- [Problem statement]: Set down every record below exactly as it stands, leaving out the pictures.

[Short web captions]
····················
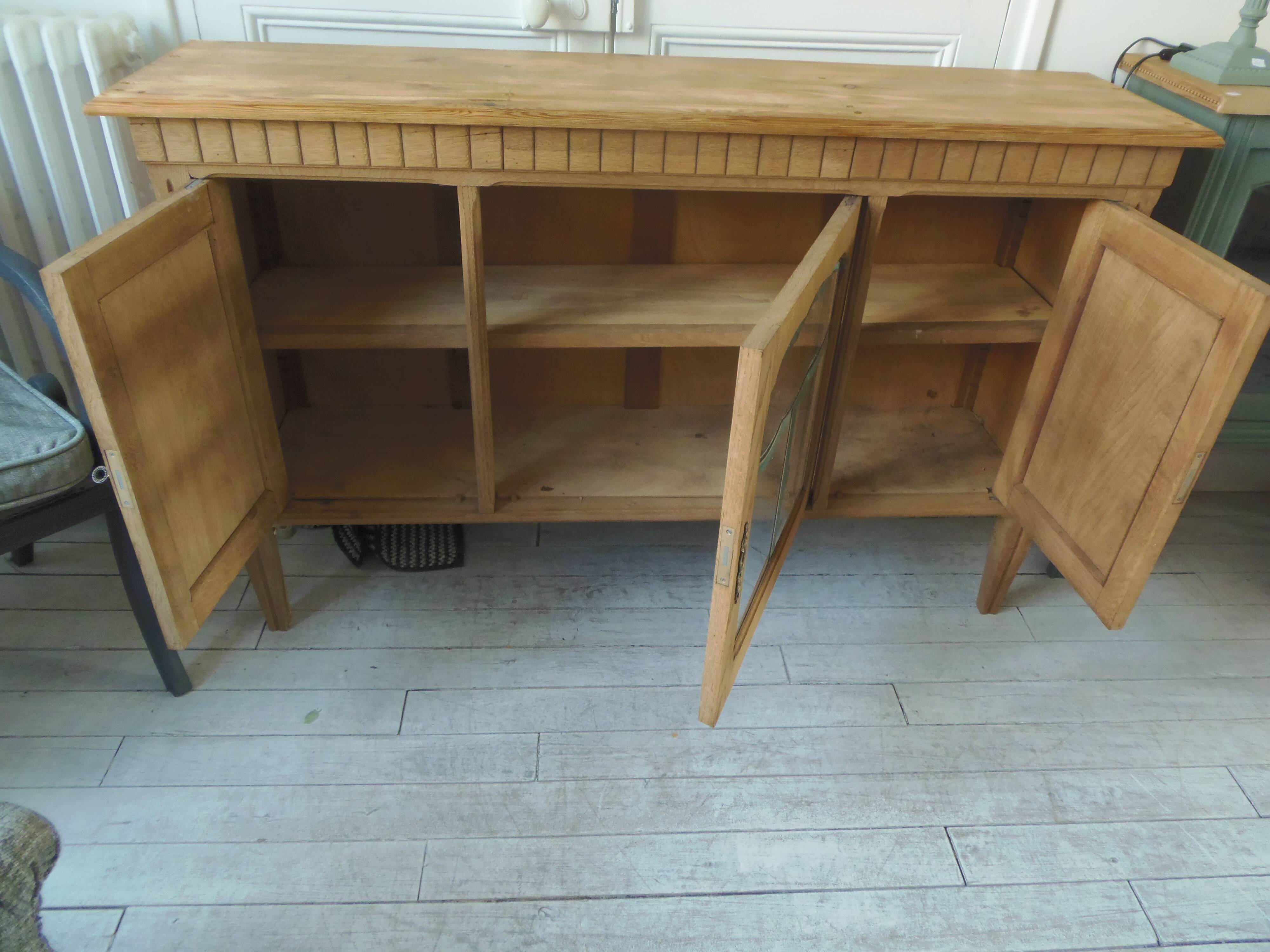 Console, shallow art deco sideboard in raw wood.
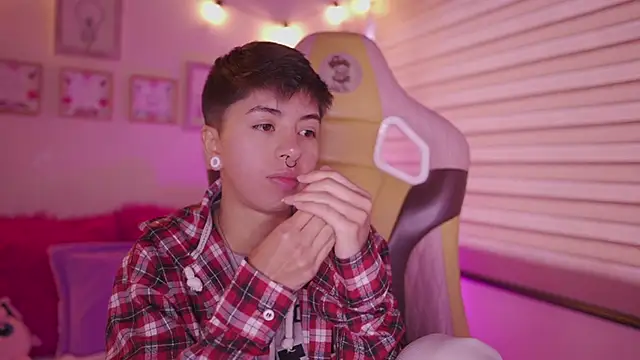 tommy blue online show from 03/19/26, 12:38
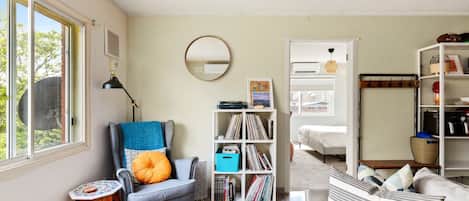 スマートテレビ、書斎 / ワークスペース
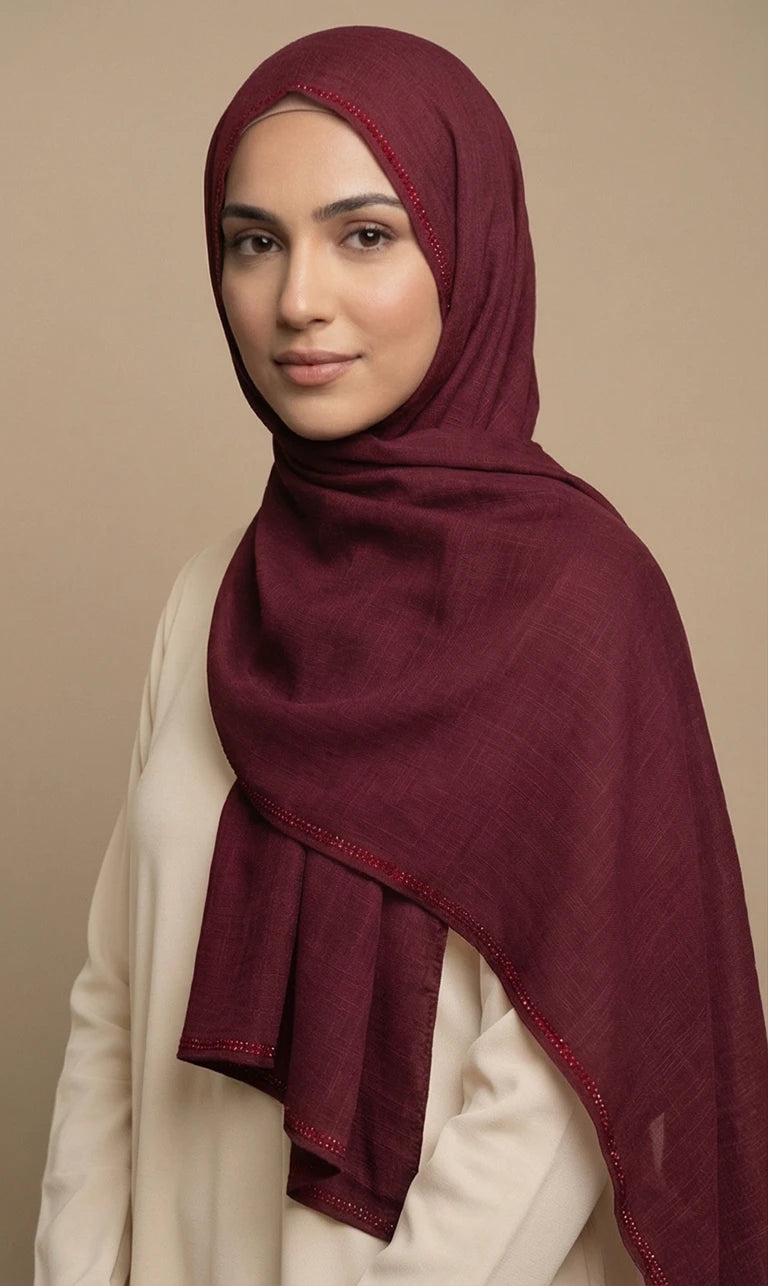 Hijab Schal in Hellbraun mit dekorativer Bordüre – Eleganter Leichter Kopftuch Schal (S20)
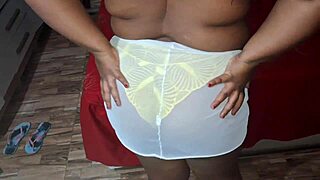 pastor fucks married ebony bbw creampie cumshot inside her fat pussy.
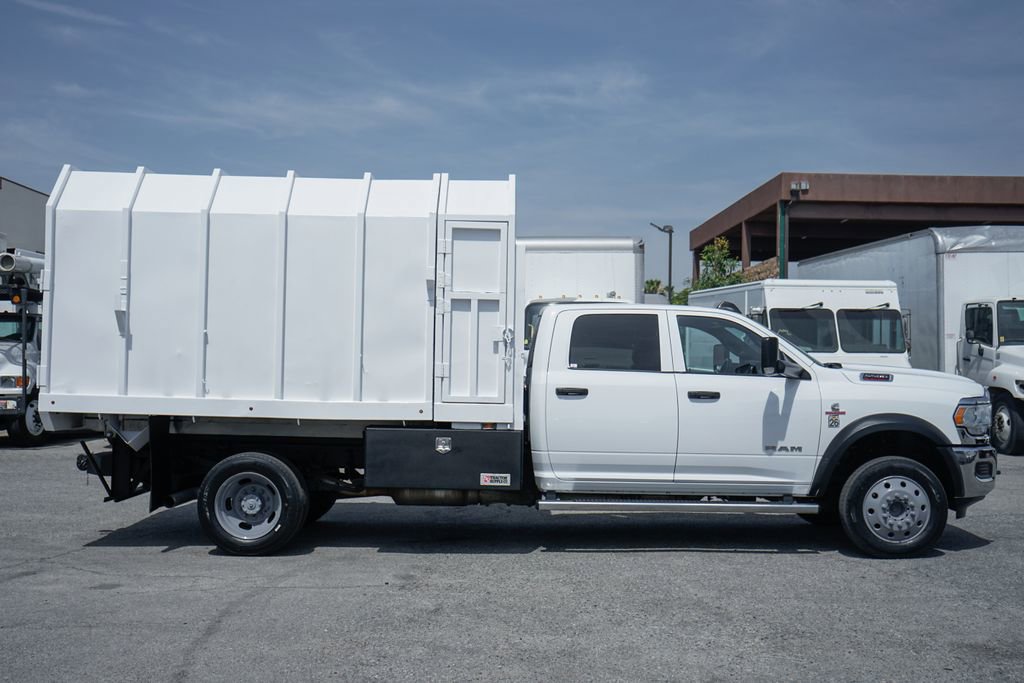 Used 2022 RAM 5500 Tradesman w/ Chrome Appearance Group AWD/4WD image 16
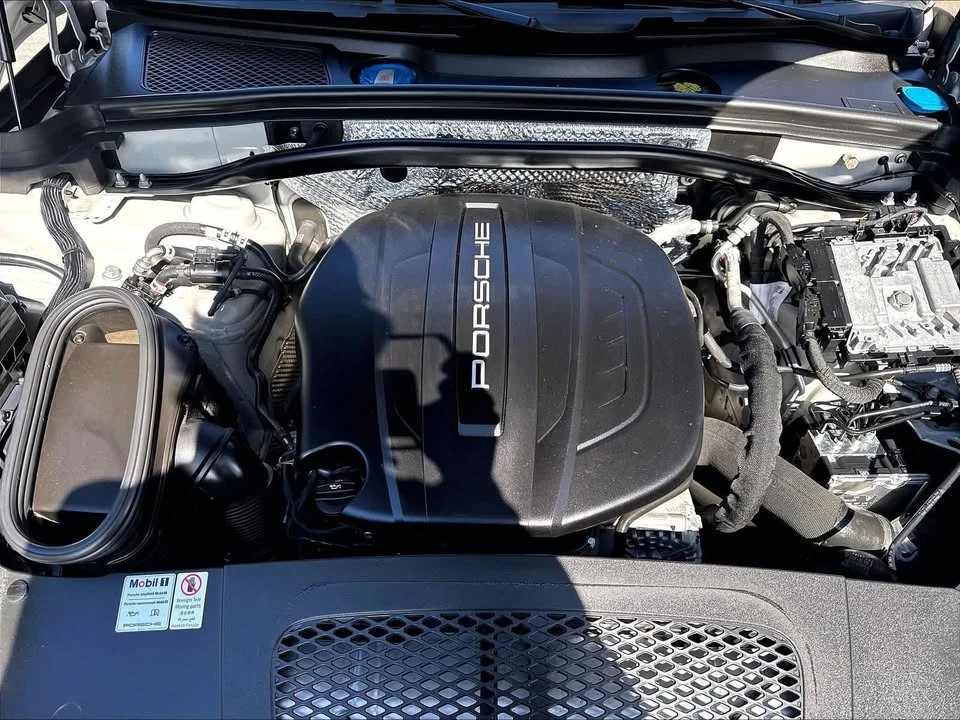2020 Porsche Macan - Image 12 of 19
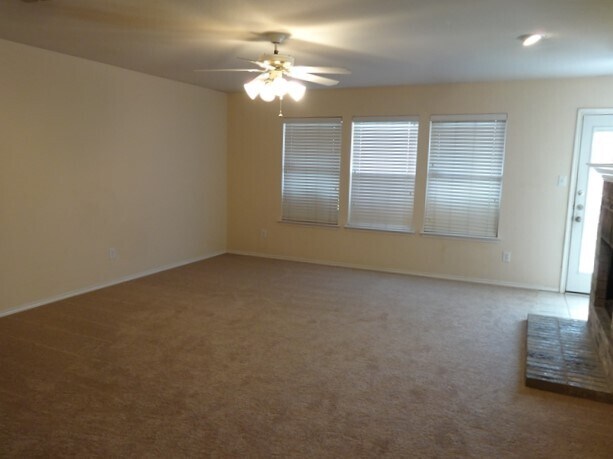 Foto del edificio - 1069 Silver Spur Ln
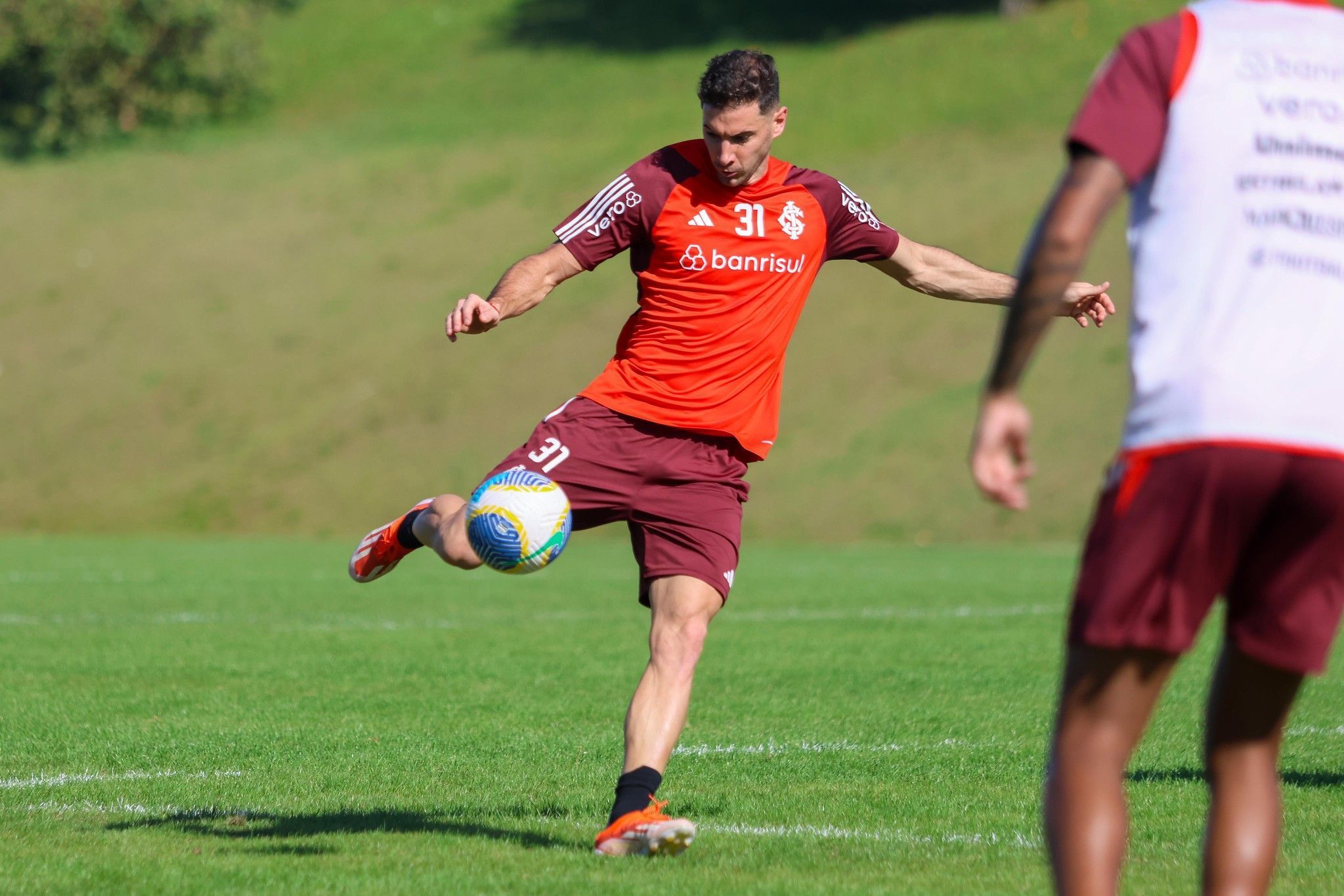 Alario treina e deve reforçar o Inter contra o Vitória pelo Brasileirão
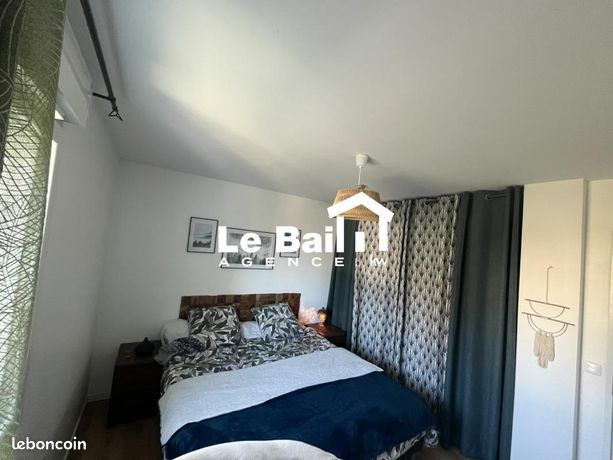 https://img.leboncoin.fr/api/v1/lbcpb1/images/65/7e/7d/657e7d525538fa50eec987763e2e2f5f4ec69569.jpg?rule=ad-image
····················
- [Task solution]:
 Console, shallow art deco sideboard in raw wood.
 tommy blue online show from 03/19/26, 12:38
 スマートテレビ、書斎 / ワークスペース
 Hijab Schal in Hellbraun mit dekorativer Bordüre – Eleganter Leichter Kopftuch Schal (S20)
 pastor fucks married ebony bbw creampie cumshot inside her fat pussy.
 Used 2022 RAM 5500 Tradesman w/ Chrome Appearance Group AWD/4WD image 16
2020 Porsche Macan - Image 12 of 19
 Foto del edificio - 1069 Silver Spur Ln
 Alario treina e deve reforçar o Inter contra o Vitória pelo Brasileirão
 https://img.leboncoin.fr/api/v1/lbcpb1/images/65/7e/7d/657e7d525538fa50eec987763e2e2f5f4ec69569.jpg?rule=ad-image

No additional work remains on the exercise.